After he finished the song and the applause had settled, he revealed to the audience that he had finally thought of the word. “I know what the word is,” he announced with glee, “it is…humiliation.” The girls exchanged “ohmygod isn’t that just the cutest, most charming thing ever?” looks to each other and the sound of “awww!” was cooed through the venue. We could make out the sounds of muffled, smitten laughter dancing between the amused condolences the audience offered Sondre, their gorgeous little self-deprecating songbird.

It was simply too perfect. Amazing and brilliant in the fact that everyone was playing their role to a “T”. There was shy little bashful Sondre, standing up on the stage, a room full of adoring, encouraging crowd of young girls literally at his feet, hanging on to every little word he uttered. If there ever was a time we wished we could be 16 again, it was then!
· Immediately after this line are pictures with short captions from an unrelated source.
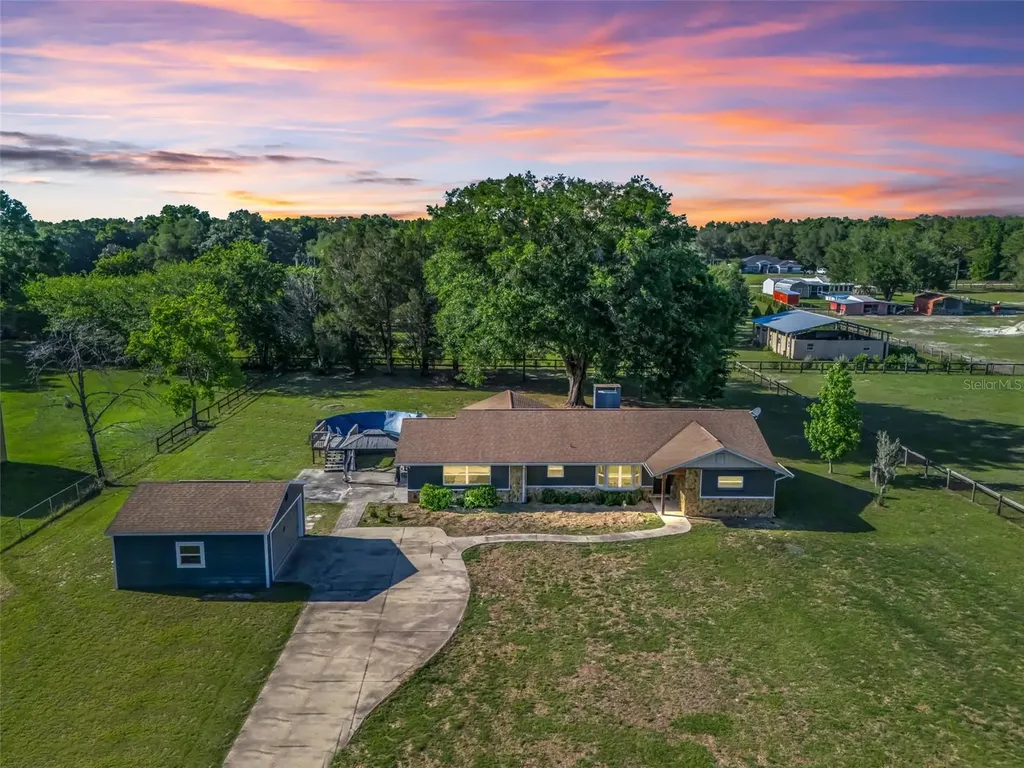 2405 SE 157th Lane Road Summerfield FL 34491
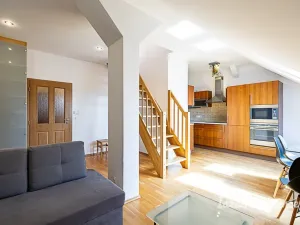 Pronájem bytu 3+kk, Praha - Holešovice, Osadní, 76 m2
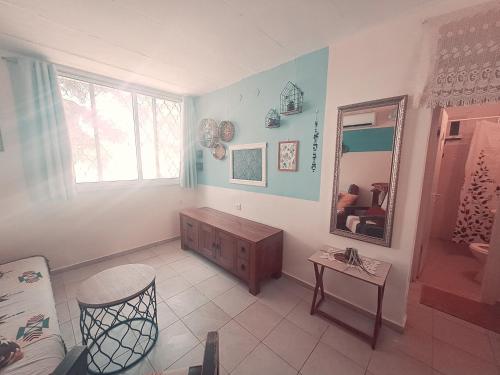 תכלת המדבר, Micpe Ramon (fotografie 6)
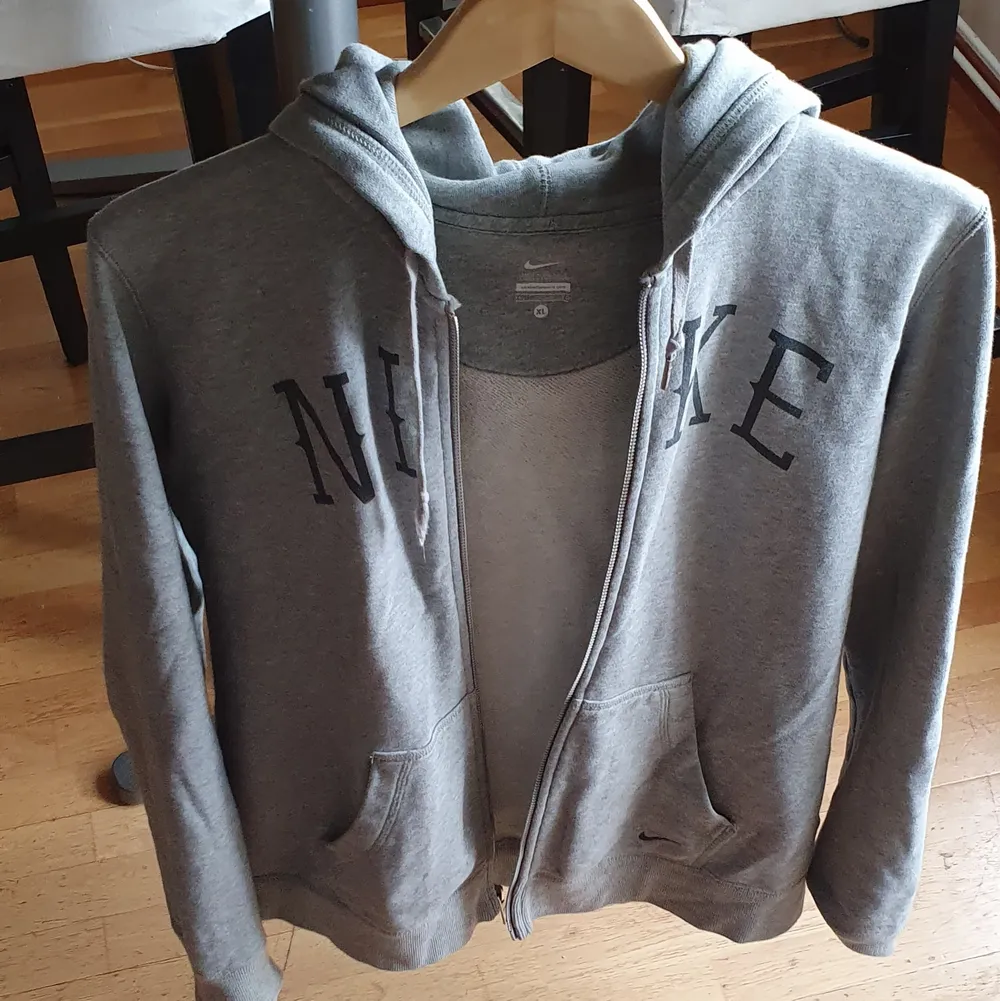 I mycket bra skick och passar xxs_L,. Hoodies.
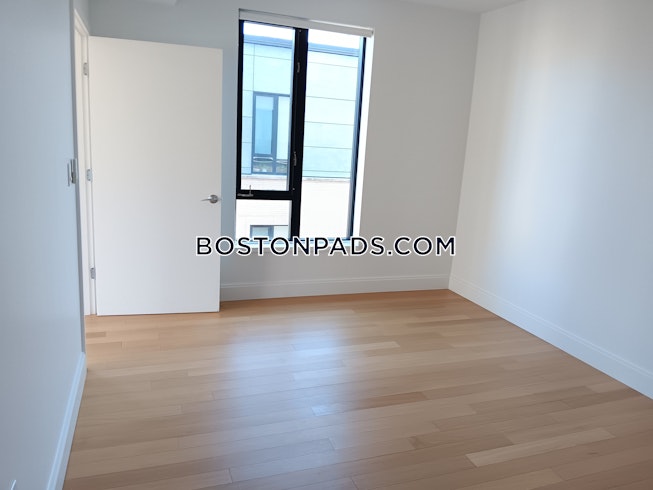 Roxbury Crossing - $4,656 /mo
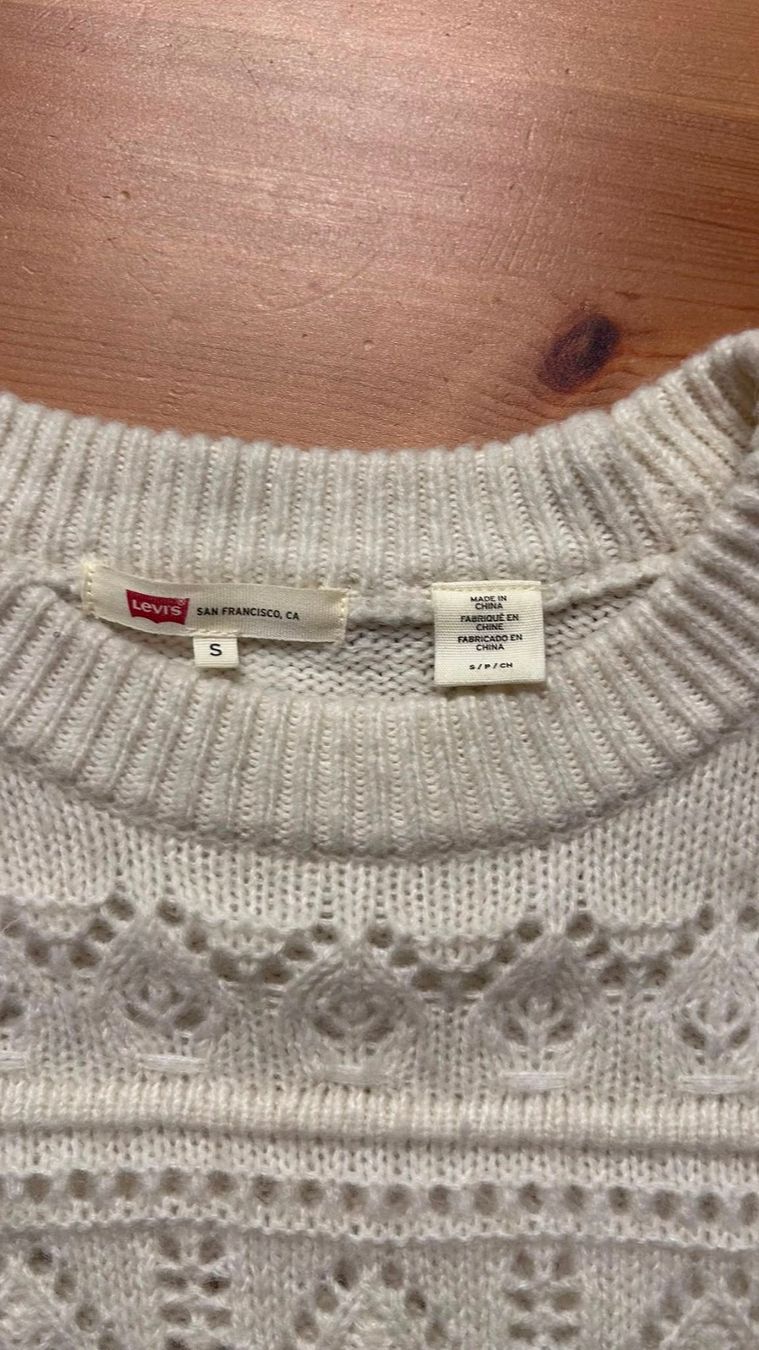 Levi's Maglioni & Felpe: Levi's Strickpullover – Usato da Seengen venduto da nad_cn92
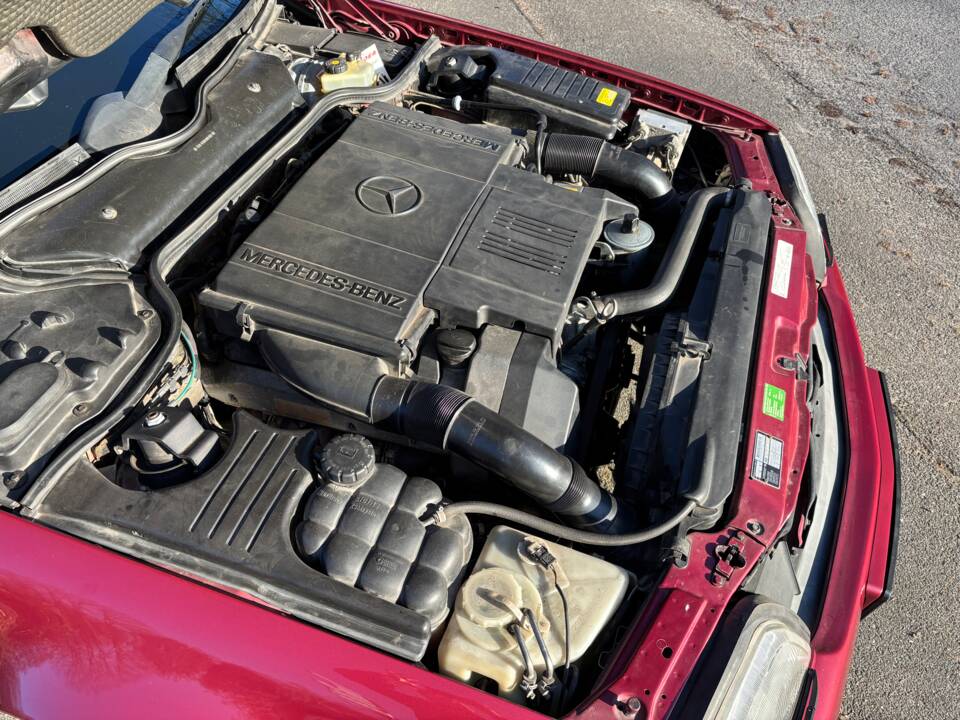 Afbeelding 16/64 van Mercedes-Benz SL 500 (1996)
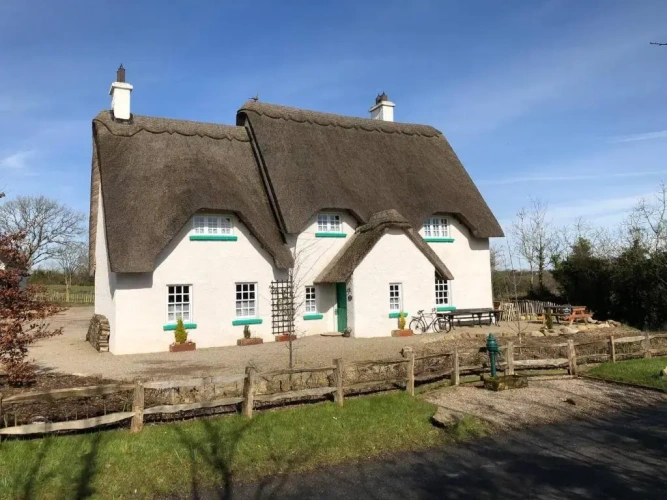 4 Bedrooms Cottage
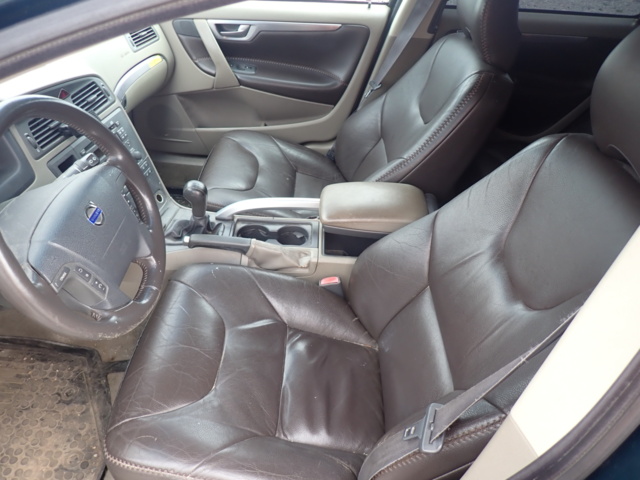 1062948-8 Volvo XC70 2.5T AWD Manual, 210hp, 2003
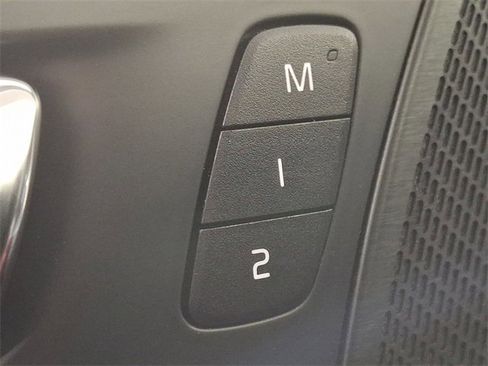 Used 2019 Volvo XC60 T6 Momentum w/ Multimedia Package image 25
Toward the end of the show he announced that he’d be signing autographs by his merchandise table later on. As we headed out of the venue, we passed a long line of fresh-faced teens clutching their wallets and calling their moms to tell them they’d be staying out just a little bit later. They seemed to be bubbling over with anticipation, giving off a super-amplified dose of teen spirit.

As we walked by the last girl on the line, we fought the urge to take a place on the single-file formation. We wanted to remember what it was like to not know any better, to make a fool of ourselves, to harbor deep feelings for dreamy boys beyond our reach.

But of course the more sensible side got the best of us, and we did as any self-respecting, hip, urban 20-something should do after seeing Sondre Lerche–turn up your nose and get the fuck out of the there before anyone figures out that you’re still just a big fat sissy schoolgirl inside.

ED NOTE: We also do have to mention that it was so awesome seeing Sondre play with the full band. It was as punk rock as Sondre Lerche gets. Rock-jam versions of “Two Way Monologue” and he did [insert name of song here], a song that didn’t make it on to the second album. That was total radness too.